The red finches, who will predominate later in the year, sing to me tirelessly. You can hear their scouts call whooee, which I think means, All clear, boys. They do not use the roof. In fact, it is impossible to see where they set up camp. At once, from nowhere, there's a regiment, a division, an entire army. Dozens of birds. Tens of dozens. They come to feast on the bittersweet that twines the 20-foot posts that support the porch outside my office. This bittersweet is so robust, so outgoing that over the years it climbed my porch on two tall posts and made its way toward the sliding door through which I watch the harbor beyond the changing array of endangered species hauled out at Gannon and Benjamin Marine Railway. This woody, grasping relative of the nightshade snakes slowly across my room, toward me and my computer.

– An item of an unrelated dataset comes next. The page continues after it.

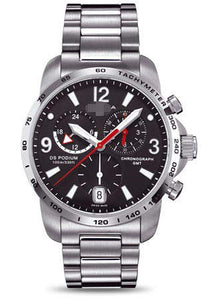 Watch Battery C001.639.11.057.00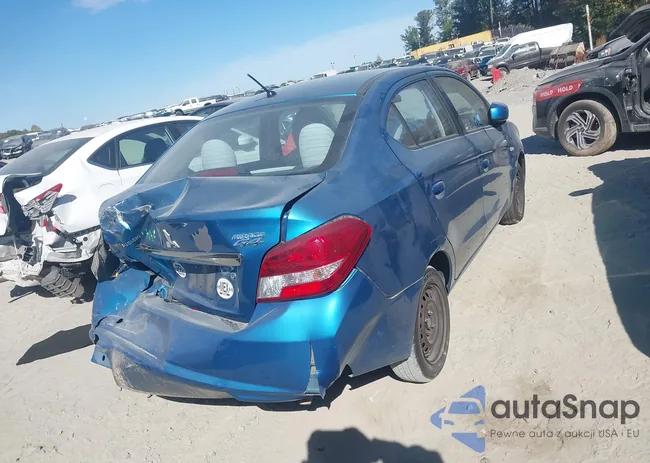 ML32F3FJ8HH000899: 43533204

I've had to cut it back. Its searching tentacles wound themselves around the antenna on my car and yanked it off. They've done it three times. Plus, the birds did their business all over the deck and the car. It became time to thin the bittersweet, which in turn has thinned the flock.
I thought it was the grackles that helped to hold off the bittersweet. But, it wasn't grackles. A little research and I discovered they were starlings. European starlings, Sturnus vulgaris. There is nothing wrong with starlings. They are of the family Sturnidae. The grackles, for your information, are Icterids. But really, the two are similar - "blackbird-like," the books say - and the extended family includes your blackbirds, your orioles, your bobolinks, your meadowlarks.
An oriole would be nice, or a meadowlark, but besides grackles, I got starlings. They don't sing like the red finches do, but they sometimes possess the entire view from my office. When they do, I imagine it is something like what the rock star sees from behind his mike on the outdoor stage as he looks down upon the sea of fans dancing to his music.
Sometimes, a small patrol will sortie through the half open door into my room, wheel just before the wall and rush out again. I duck.
I have learned that these starlings, like so many other visitors, are from New York. I like them anyway. They are descendants of 100 birds, no more, released there in 1890 and 1891. Apart from their gregariousness, doubtless a laudable quality but one which I am told I lack, these birds have some bad traits. (Don't we all?)
They often damage fruit and grain crops. (They absolutely ravage the bittersweet, I can tell you.) They will take uninvited possession of the holes in which native songbirds make their homes. They steal not only the homes but also the songs of other birds.
As I watch them through the wide glass door, they examine me. Iridescent, bluish black at the neck, with even a hint of verdigris mixed in, speckled above the wings and on the breast and flanks, one stares blinking from just three feet away. He is not alarmed, no doubt because he enjoys great strength in numbers.